Of course, pollinating their crops is a nice trade-off so I don't feel guilty.

The only real reason to have "enough" land is to place your hives a safe distance from your neighbors so they feel comfortable (or enough land to grow enough shrubbery to conceal your hives).

Grant
Jackson, MO http://maxhoney.homestead.com


----------



## honeyman46408 (Feb 14, 2003)

*NorthernIllinoisPlumber*

Welcome to beesource from a *retired* Northwest Indiana Plumber


----------



## sqkcrk (Dec 10, 2005)

Had chickens, have bees. At least the foxes don't give them any grief.

Have fun.


----------



## NorthernIllinoisPlumber (Aug 17, 2010)

Grant said:


> The only real reason to have "enough" land is to place your hives a safe distance from your neighbors so they feel comfortable (or enough land to grow enough shrubbery to conceal your hives).

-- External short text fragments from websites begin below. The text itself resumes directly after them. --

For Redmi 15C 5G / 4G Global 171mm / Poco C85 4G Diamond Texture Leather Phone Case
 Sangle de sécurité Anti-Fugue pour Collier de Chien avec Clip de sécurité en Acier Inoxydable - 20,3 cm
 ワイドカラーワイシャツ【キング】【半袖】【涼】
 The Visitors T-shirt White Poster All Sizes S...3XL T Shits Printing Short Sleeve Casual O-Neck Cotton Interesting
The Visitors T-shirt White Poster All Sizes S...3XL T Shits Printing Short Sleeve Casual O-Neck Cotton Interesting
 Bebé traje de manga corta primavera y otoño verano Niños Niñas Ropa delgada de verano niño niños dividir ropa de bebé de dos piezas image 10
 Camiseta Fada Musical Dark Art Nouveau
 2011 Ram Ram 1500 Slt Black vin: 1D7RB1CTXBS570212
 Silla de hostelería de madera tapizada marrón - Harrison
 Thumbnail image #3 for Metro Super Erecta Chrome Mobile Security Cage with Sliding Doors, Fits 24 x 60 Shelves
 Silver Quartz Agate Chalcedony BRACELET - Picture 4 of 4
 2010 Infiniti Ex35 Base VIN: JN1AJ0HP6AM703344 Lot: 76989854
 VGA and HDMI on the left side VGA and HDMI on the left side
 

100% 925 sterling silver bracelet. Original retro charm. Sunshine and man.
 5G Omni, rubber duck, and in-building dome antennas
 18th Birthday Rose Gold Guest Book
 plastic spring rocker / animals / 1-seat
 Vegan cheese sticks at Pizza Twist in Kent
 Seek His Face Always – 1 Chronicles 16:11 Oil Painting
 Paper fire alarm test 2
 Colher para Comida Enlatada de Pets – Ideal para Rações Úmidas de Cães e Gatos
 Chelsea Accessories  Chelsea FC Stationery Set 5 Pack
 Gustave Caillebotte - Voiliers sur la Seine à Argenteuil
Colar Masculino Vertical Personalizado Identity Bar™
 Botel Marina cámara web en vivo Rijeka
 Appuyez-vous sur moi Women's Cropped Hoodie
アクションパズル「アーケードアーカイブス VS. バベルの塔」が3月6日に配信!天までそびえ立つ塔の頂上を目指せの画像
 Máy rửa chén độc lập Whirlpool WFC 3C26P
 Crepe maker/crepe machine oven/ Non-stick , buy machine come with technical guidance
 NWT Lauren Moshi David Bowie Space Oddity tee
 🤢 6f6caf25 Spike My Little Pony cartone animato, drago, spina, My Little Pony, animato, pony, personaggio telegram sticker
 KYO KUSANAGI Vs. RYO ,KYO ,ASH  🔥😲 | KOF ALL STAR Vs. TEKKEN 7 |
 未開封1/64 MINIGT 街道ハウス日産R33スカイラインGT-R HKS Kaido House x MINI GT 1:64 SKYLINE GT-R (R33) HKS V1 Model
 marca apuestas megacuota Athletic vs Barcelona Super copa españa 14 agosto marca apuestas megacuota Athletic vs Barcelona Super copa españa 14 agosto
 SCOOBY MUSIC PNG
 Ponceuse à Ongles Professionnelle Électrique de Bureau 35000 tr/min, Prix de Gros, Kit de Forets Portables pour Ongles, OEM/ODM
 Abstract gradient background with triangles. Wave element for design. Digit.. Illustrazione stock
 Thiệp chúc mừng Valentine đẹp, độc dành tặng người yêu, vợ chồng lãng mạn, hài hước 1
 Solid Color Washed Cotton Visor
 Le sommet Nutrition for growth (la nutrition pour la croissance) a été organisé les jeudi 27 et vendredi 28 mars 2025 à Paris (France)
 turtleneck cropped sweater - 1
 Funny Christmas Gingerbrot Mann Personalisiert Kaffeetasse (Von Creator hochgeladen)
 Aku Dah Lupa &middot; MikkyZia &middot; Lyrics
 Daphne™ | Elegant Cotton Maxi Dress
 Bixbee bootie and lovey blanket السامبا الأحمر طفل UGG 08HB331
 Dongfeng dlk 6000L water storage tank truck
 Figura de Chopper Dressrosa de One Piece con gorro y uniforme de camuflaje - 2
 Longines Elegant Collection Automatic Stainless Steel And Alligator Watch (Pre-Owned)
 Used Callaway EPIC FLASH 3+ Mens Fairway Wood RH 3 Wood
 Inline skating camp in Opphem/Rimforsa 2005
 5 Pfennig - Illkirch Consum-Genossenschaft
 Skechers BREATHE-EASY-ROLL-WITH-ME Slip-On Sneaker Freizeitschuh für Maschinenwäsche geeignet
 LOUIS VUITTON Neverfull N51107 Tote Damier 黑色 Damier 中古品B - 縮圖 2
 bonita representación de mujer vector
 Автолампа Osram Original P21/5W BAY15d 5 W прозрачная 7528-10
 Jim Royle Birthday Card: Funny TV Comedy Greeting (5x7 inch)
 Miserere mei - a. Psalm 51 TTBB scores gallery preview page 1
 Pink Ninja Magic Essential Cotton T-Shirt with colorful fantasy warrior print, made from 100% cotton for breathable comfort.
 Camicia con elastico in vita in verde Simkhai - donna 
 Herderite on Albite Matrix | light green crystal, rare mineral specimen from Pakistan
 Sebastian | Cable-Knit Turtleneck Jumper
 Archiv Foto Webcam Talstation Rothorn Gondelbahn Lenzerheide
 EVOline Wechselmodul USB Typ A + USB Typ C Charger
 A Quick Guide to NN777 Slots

Exactly. I had enough room for the hens, but spacing the bees from the neighbors and backyard family activities would be an issue.


----------



## AmericasBeekeeper (Jan 24, 2010)

Welcome, everything has its challenges. If you have foxes, you probably will have a bear visit your hives too. You can fence them (even electric fence), elevate them, even strap it together with a steel cage. Bears love honey and they will go under, over, around, or through any obstacle you provide. I had a hive eaten in Florida. A couple ratchet straps have prevented a recurrance so far. I certainly do not want to discourage anyone from beekeeping, just encourage proper planning for success.


----------